--- What the task requires ---
Write the data below out exactly as it stands. Do not include the pictures.

Start of Supplied data

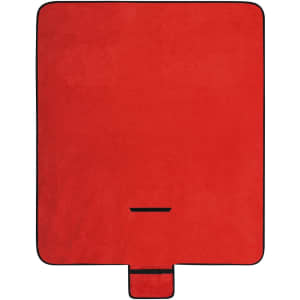 A red picnic blanket with a black border and a compact fold feature for easy storage.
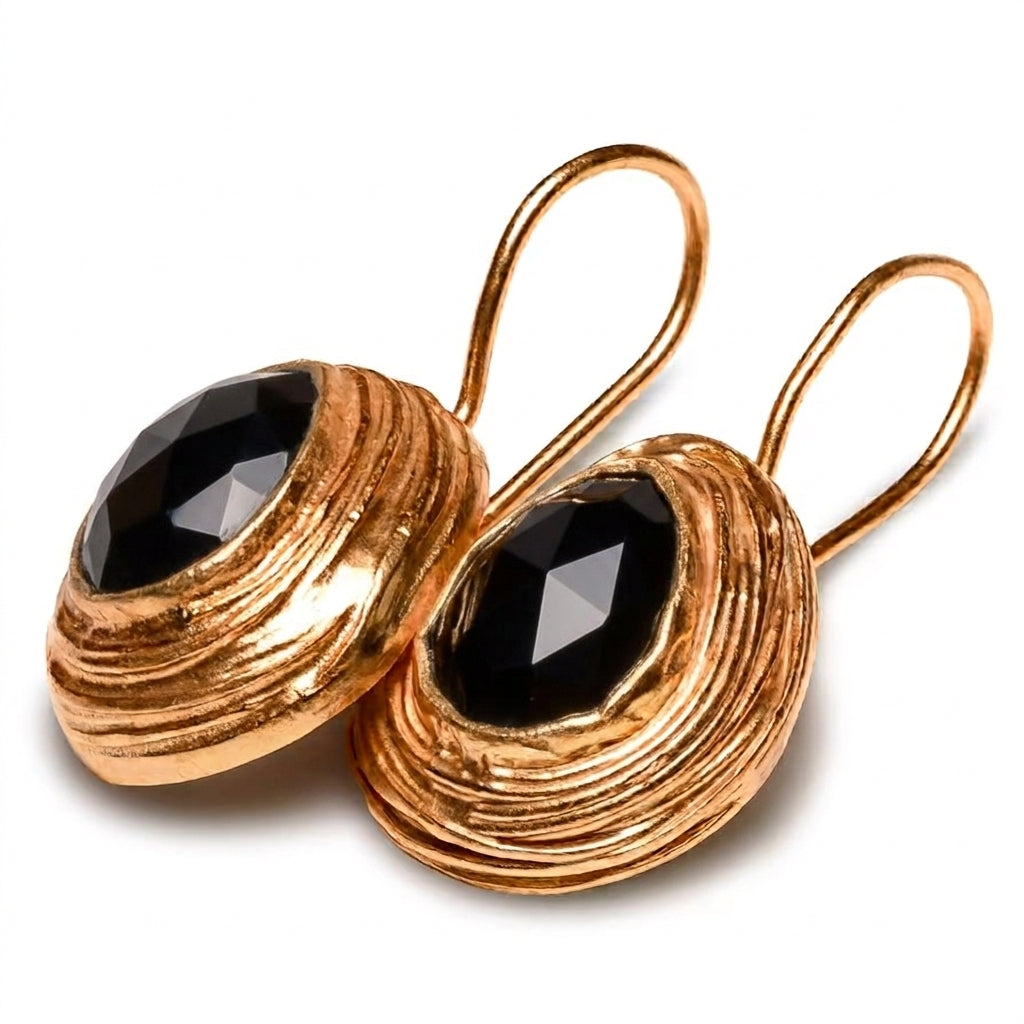 Women's gold onyx drop earrings with textured oval settings wire clasp at RM Kandy.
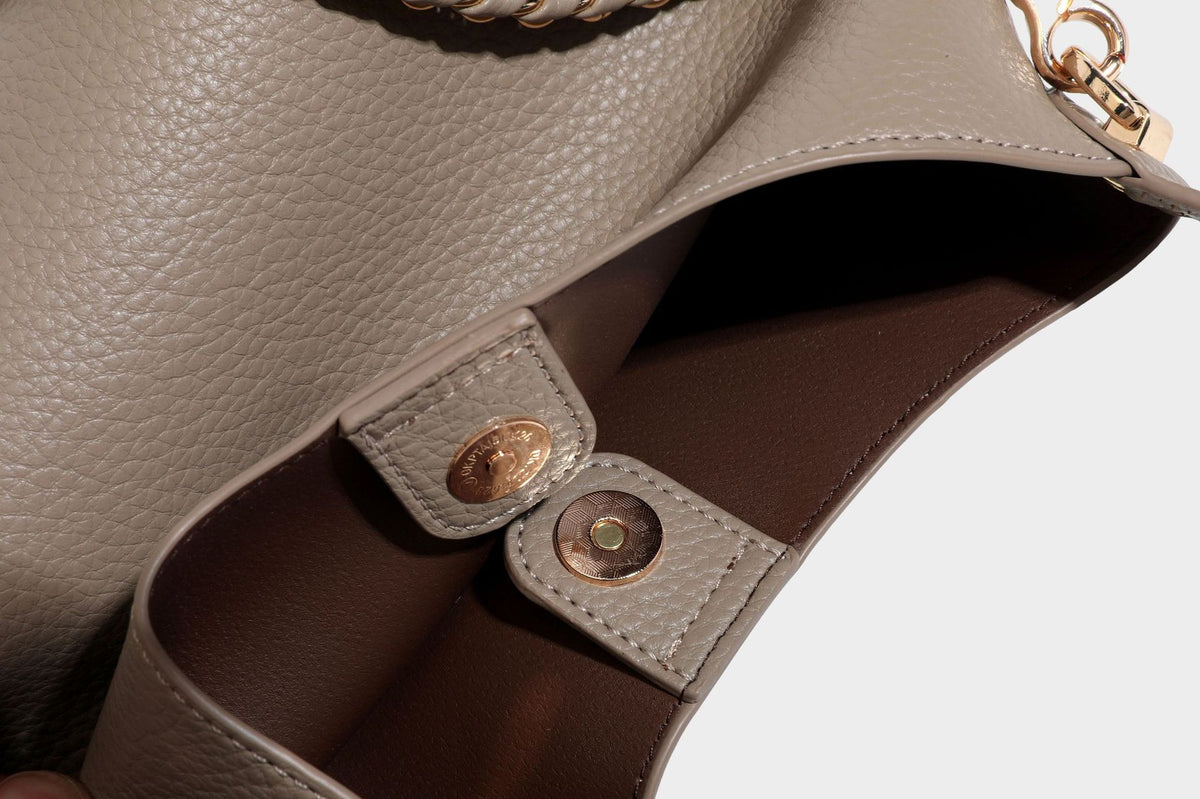 Schultertasche in genarbter Lederoptik im Hobo-Stil mit goldfarbener Kette, kurzem Tragegriff und dekorativem Anhänger an der Seite, Detailansicht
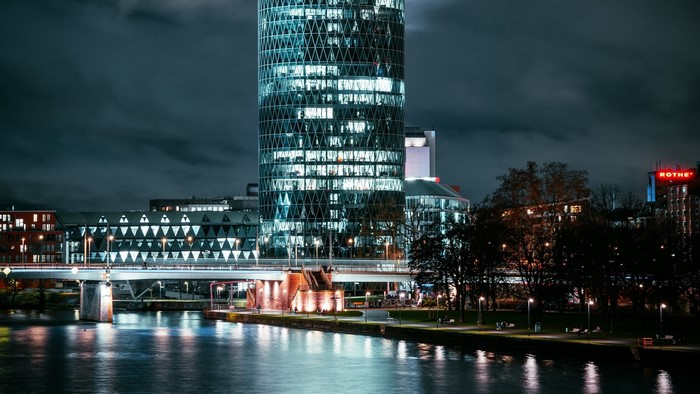 Night cityscape with river and modern buildings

End of Supplied data

--- Answer to the problem ---
 A red picnic blanket with a black border and a compact fold feature for easy storage.
 Women's gold onyx drop earrings with textured oval settings wire clasp at RM Kandy.
 Schultertasche in genarbter Lederoptik im Hobo-Stil mit goldfarbener Kette, kurzem Tragegriff und dekorativem Anhänger an der Seite, Detailansicht
 Night cityscape with river and modern buildings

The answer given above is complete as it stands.